Member of the Arkansas Senate from the 34th district
- Incumbent
- Assumed office January 9, 2023
- Preceded by: redistricted

Member of the Arkansas House of Representatives from the 93rd district
- In office January 14, 2013 – January 9, 2023
- Preceded by: redistricted
- Succeeded by: redistricted

Personal details
- Born: 1977 or 1978 (age 47–48) Bentonville, Arkansas, U.S.
- Party: Republican
- Spouse: Jennifer Dotson
- Children: 3
- Alma mater: Northwest Arkansas Community College

= Jim Dotson =

American politician

Jim Dotson (born 1977/1978) is an American politician. He has represented part of Benton County, Arkansas in the Arkansas Senate since 2023. Previously, he represented a similar constituency in the Arkansas House of Representatives from 2013 to 2023.

Dotson was born in Bentonville, Arkansas, and attended Northwest Arkansas Community College.
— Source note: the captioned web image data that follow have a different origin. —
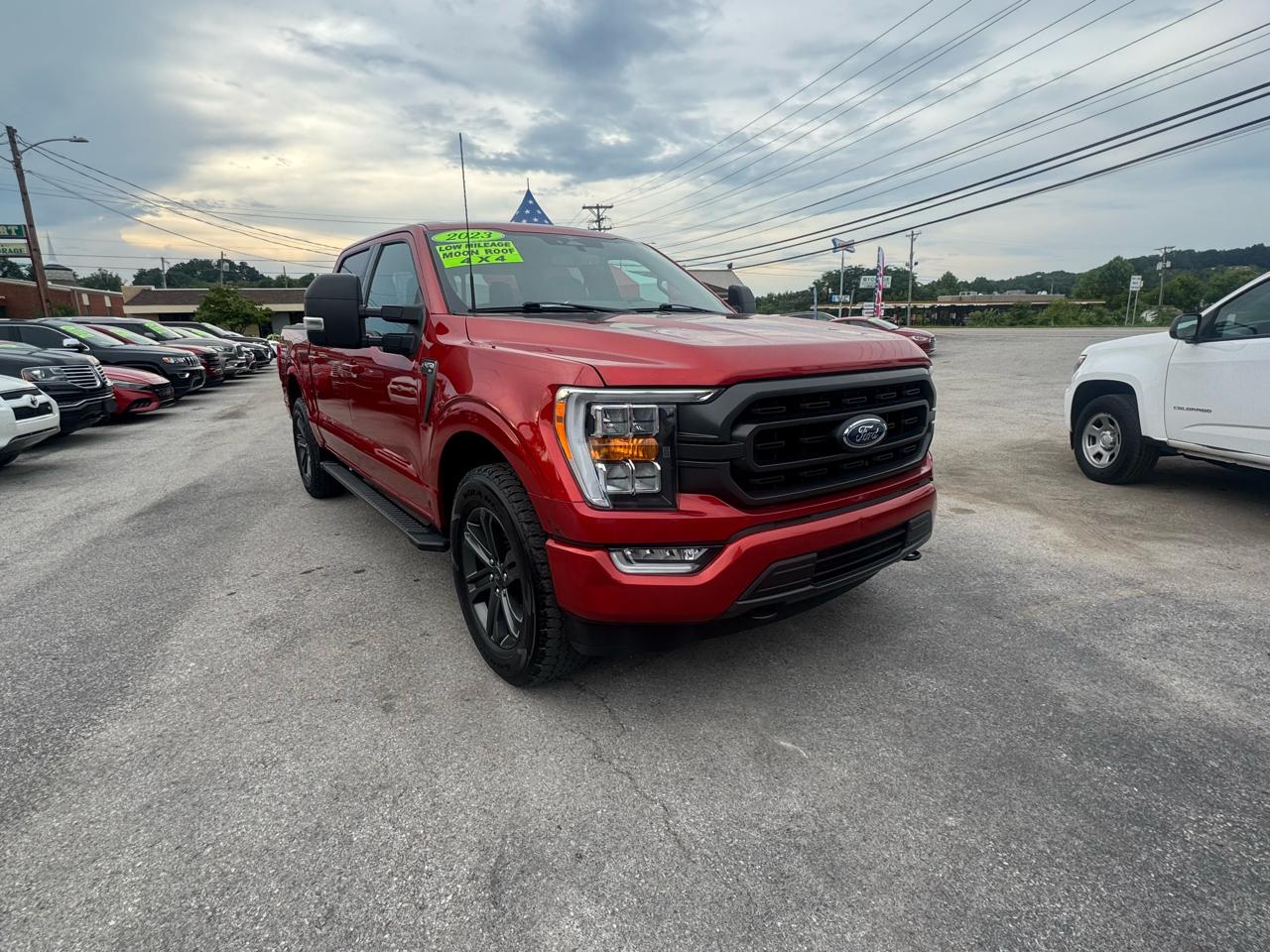 Ford F-150 4WD SuperCrew 139" XLT 2023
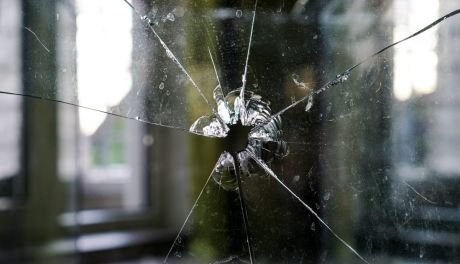 Pijany próbował włamać się do fryzjera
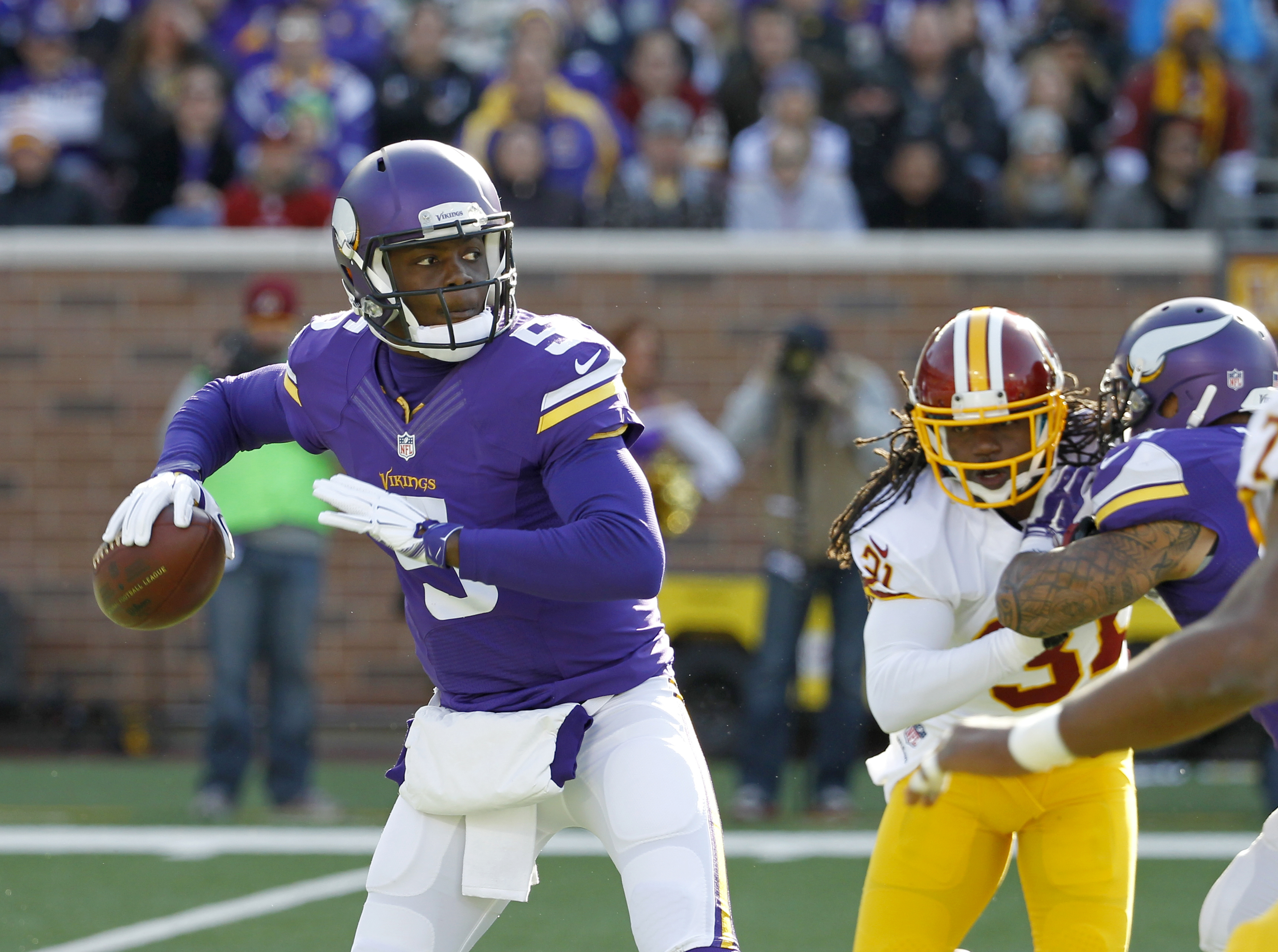 Vikings to wear solid purple uniform for Redskins game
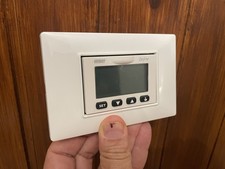 TERMOSTATO INCASSO A BATTERIA SETTIMANALE CRONOTERMOSTATO CALDAIA VEMER VN166500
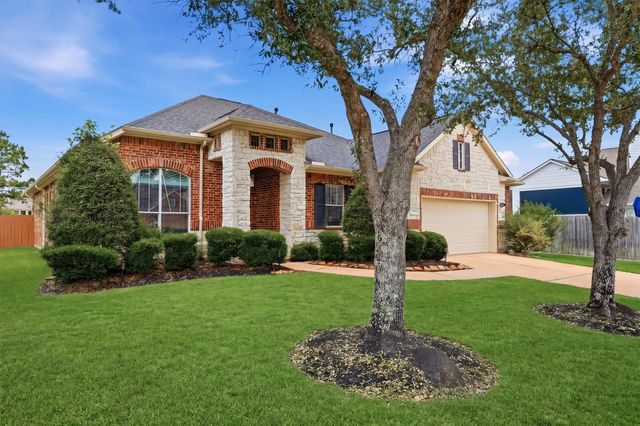 13401 Indigo Sands Drive, Pearland, TX 77584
In 2013, he was elected for the 93rd district of the Arkansas House of Representatives, assuming office on January 14, 2013. In 2014, Dotson began working as a real estate agent at Gibson Real Estate.

In 2022 he was elected for the 34th district of the Arkansas Senate, defeating Peter Christie, mayor of Bella Vista, Arkansas, in the Republican primary, and Libertarian Jean Pierre DeVilliers in the general election.